No fucking wonder this blog is titled Clusterfuck!!!!

So I'm outside enjoying this BEAUTIFUL FRIDAY AFTERNOON IN THE FALL with some ya know, herbal assistance. And today my particular way of ingesting my herbal assistance involved filling a water bottle with water then letting the water drain out while it's replaced with you know...herby goodness.

Alright, furthermore, the water I'm using today is....oh my god, I'll take a picture of it!!! LET ME JUST SHOW YOU.




Yes you are correctly identifying that as the POTENTLY FOREBODINGLY GREEN tint of my pool. So that goes inside the water bottle, right?

Alright, there I am on my merry way, watching the water drain out of the bottle (It's obviously clear looking in the bottle but...still let's be real...ew) when I hear the screen door open. Someone is coming outside RIGHT NOW and the bottle is half full of smoke, half full of water. This is a heinously shitty situation.

What do I do? In my haste and confusion I swing the still draining bottle a 180 degrees, which happens to make a fantastic arc over my laptop AND herbs AND phone and then I realized I didn't want to waste that shit so I went ahead and well, didn't waste it.

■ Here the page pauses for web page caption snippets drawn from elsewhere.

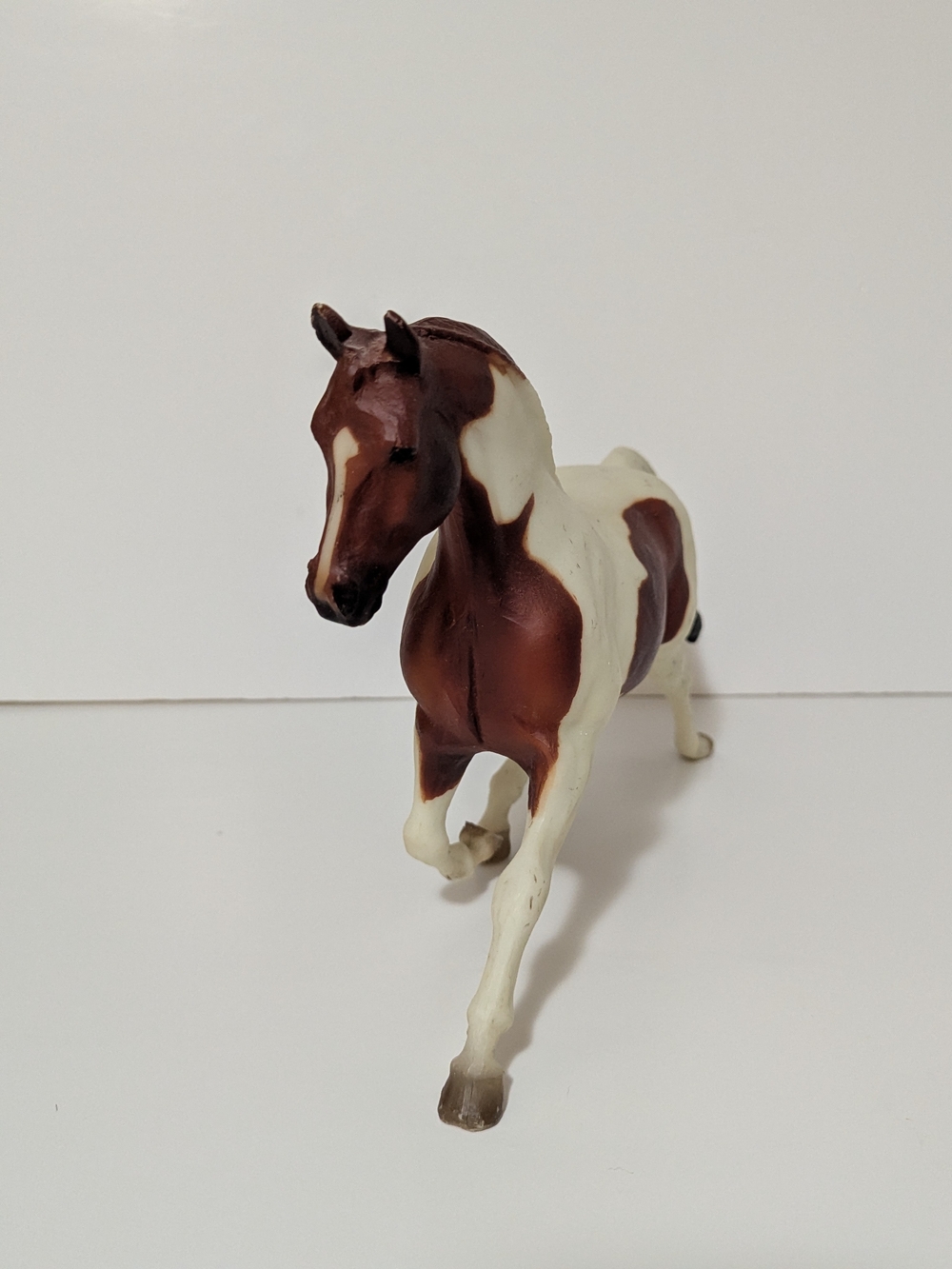 Brown and White Painted Horse Toy - Kids Toy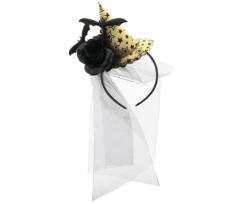 GoDan Bentita cu mini palarie vrajitoare si voal, auriu GD871 -Accesorii Costume Adulți (GD871)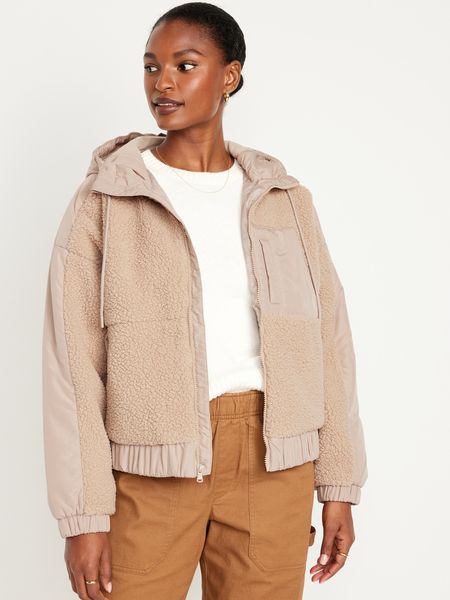 Hooded Sherpa Hybrid Jacket for Women | Old Navy (US)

So then my dad comes outside and is like "Bye Rebe I'm going to the marsh" and he's already ready to go when I turn around so I'm not facing him, blow some smoke out and say, "Oh, really?", not knowing that he was going to actually come back and respond to that.

So I had to turn back around to face him AGAIN with, mind you, still more smoke inside of my mouth, and he's like "Yeah someone stole a decoy or something" and bla bla bla, other stuff that was typical Papa stuff and all I could think was "HAHAHAHA THIS ISN'T HAPPENING NOW WHAT GO AWAY" with the occasional


Okay? Oh and I forgot to tell you that back when I decided not to waste anything, that involved a powerful act of inhalation which I didn't realize, forgetting that the bottle was still half full of water, would mean a fantastic mouthful of ALGAE VENOM GREEN POOL WATER. Soooooooooo after all of that, I am here now. And what am I thinking?


I'm so glad that happened!!! Hahaha! I mean what a hilarious tale! And what an epitome of this entire BLOG. 

Oh and also through this entire time, my pandora has been playing some really awesome songs - that's the other thing!!! Shadow of the Day was playing by LINKIN PARK (I never knew that song was by them but I always liked it whenever I heard it) and so that added a gallon of drama to the situation as well.

Alas - my time has come for me to depart! Mostly because this is realllllly uncomfortable sitting like this.....criss cross applesauce with a laptop on your lap shouldn't even be legal. Well .... whoa....I was apparently looking at the song shadow of the day for too long on pandora, because now it's playing again! Haha it's time to go....farewell!



Thursday, September 29, 2011

Okay AP bio students, answer me this!!

Someone is dancing to music looking out the window when they want to see if it is still raining lightly. Easy enough to use their ears for, if they weren't ALREADY OCCUPIED WITH MUSIC!

So, what are their options? Well, it's hard to see out the window screen if there are any raindrops falling and there are no nearby bodies of water to check. There's a pool, but that's at the other window and who wants to walk to the opposite side of a not very large room? Answer: not this person.

So, what can be done?!?!?! Eh??? Got an idea????















Look at the leaves of the trees, mayne!!!!


Well....I was really proud of myself for figuring out that one on my own. 

Oh and I have another treasure for everyone. Read this treasure of a sentence I found on facebook


" As seniors we need to be unique, ordinary, and we need to stand out! "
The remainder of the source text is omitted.